The Panama Canal underwent an incredible expansion in 2016 that added a third set of locks and doubled the capacity of the canal. Here are some other things to know about this famous canal.
About 13,000 to 14,000 ships transit the canal every year. Every ship that uses the canal must pay a toll ranging from $50,000 to $260,000 based on the ship’s size and cargo volume. The smallest toll ever paid was by American Richard Halliburton in 1928 when he swam the canal. His toll? Thirty-six cents since he only weighed 150 pounds.
The highest toll ever paid to transit the canal prior to the expansion of the canal was paid by the cruise ship Norwegian Pearl in 2010. Their toll was $375,600. Since the expansion of the locks, the COSCO Shipping Panama held the highest-paid toll at $575,545 in 2016. That record was soon eclipsed in the same year by the MOL Benefactor, which paid $829,468 to transit the canal.
A ship rises 85 feet above sea level after going through the canal’s locks, and the ships are navigated by specially trained pilots familiar with the transit and not by the ship’s captain.
The United States gave over control of the Panama Canal to Panama in 1999. The expansion that took place in 2016 allowed the canal to handle post-Panamax ships or those that hadn’t previously fit in the Panama Canal’s locks. There are still ships that the canal just can’t fit, such as the Maersk Triple E class ships. These container ships are 194 feet wide and 1,312 feet long. The new locks still won’t be able to handle them since they are 1,400 feet long and 180 feet wide.
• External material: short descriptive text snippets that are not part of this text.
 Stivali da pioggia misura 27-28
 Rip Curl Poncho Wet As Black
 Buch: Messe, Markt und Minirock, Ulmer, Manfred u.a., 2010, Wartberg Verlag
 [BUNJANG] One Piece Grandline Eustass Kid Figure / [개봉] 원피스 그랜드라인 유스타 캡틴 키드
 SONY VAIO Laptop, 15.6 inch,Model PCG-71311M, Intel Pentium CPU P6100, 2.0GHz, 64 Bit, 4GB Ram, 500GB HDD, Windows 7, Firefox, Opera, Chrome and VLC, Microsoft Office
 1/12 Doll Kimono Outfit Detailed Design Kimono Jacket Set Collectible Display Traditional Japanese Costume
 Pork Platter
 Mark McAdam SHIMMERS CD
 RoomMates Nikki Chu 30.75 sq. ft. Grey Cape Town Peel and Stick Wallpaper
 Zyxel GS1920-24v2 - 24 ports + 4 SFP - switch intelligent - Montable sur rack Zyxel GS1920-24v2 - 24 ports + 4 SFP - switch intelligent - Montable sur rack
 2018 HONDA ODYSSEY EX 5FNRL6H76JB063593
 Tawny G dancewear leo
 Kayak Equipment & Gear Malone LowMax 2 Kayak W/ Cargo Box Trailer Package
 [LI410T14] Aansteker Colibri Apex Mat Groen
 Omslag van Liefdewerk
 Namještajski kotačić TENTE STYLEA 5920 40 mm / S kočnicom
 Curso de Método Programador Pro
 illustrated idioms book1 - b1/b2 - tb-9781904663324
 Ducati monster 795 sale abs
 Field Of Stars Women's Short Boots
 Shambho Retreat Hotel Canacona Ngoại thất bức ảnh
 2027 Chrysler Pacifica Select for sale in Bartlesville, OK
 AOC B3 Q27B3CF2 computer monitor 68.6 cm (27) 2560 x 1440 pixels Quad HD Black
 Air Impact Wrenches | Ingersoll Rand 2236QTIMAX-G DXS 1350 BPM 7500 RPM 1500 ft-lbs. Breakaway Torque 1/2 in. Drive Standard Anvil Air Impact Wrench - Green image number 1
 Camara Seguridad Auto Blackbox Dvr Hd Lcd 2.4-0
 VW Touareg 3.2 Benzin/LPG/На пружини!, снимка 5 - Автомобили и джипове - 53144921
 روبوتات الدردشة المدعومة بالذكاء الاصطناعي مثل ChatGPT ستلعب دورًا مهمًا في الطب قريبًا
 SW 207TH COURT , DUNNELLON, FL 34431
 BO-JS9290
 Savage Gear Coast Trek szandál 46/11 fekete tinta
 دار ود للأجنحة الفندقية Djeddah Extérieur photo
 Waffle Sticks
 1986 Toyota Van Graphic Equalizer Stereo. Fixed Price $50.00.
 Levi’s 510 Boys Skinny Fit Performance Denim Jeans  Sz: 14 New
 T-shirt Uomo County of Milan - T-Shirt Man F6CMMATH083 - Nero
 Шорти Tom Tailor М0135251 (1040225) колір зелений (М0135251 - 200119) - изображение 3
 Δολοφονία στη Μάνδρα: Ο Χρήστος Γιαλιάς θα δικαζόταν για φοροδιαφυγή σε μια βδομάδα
More than 25,000 workers died constructing the canal. The French tried first and suffered more than 20,000 worker deaths, while the US suffered 5,600 deaths when they took over construction. The US significantly reduced the deaths by controlling the spread of malaria and yellow fever. They improved sanitation measures, drained areas of standing water that bred mosquitoes and other insects, and installed screening on buildings to keep the bugs out.
The first US President to travel outside of the US on official business was Theodore Roosevelt, and he sailed to Panama in November 1906. He went there to inspect the construction of the Panama Canal after the US bought the rights to the canal from the French in 1902.
NASA transported two stages of the Saturn V rocket in 1965 from California, through the Panama Canal, and to New Orleans before they were transported to Cape Canaveral, Florida. The two stages were too large to have been transported by truck, rail, or air.
Over 900,000 ships have traveled through the Panama Canal since its inception.
A gigantic crane that had been used to lift U-boats from the water was taken from Germany as part of reparations after World War II and put into service in 1948 in the Long Beach Naval Shipyard. When the Naval Station was closed in 1994, the crane, which had been nicknamed “Herman the German,” was sold to the Panama Canal Company. In 1996 it was moved to the Panama Canal and continues to operate today under the name Titan.
According to available records, the first ship to cross the Panama Canal was the SS Ancon, an American ship that carried passengers and cargo, which included tons of cement from New York to Panama that was used in the construction of the canal.
The Atlantic and Pacific Ocean levels connecting with the Panama Canal are not at the same height. The Pacific Ocean is slightly higher than the Atlantic Ocean.
Ships save 7,872 miles between New York and San Francisco by going through the canal instead of going around Cape Horn in South America.
Around four and a half million cubic yards of concrete was used for constructing the dams and locks. The material excavated would circle the earth four times if it had been put on railroad flat cars.
The fastest transit of the Panama Canal was by the U.S. Navy hydrofoil Pegasus. In June of 1979, it made the trip in two hours and forty-one minutes instead of the average ten hours that is required today.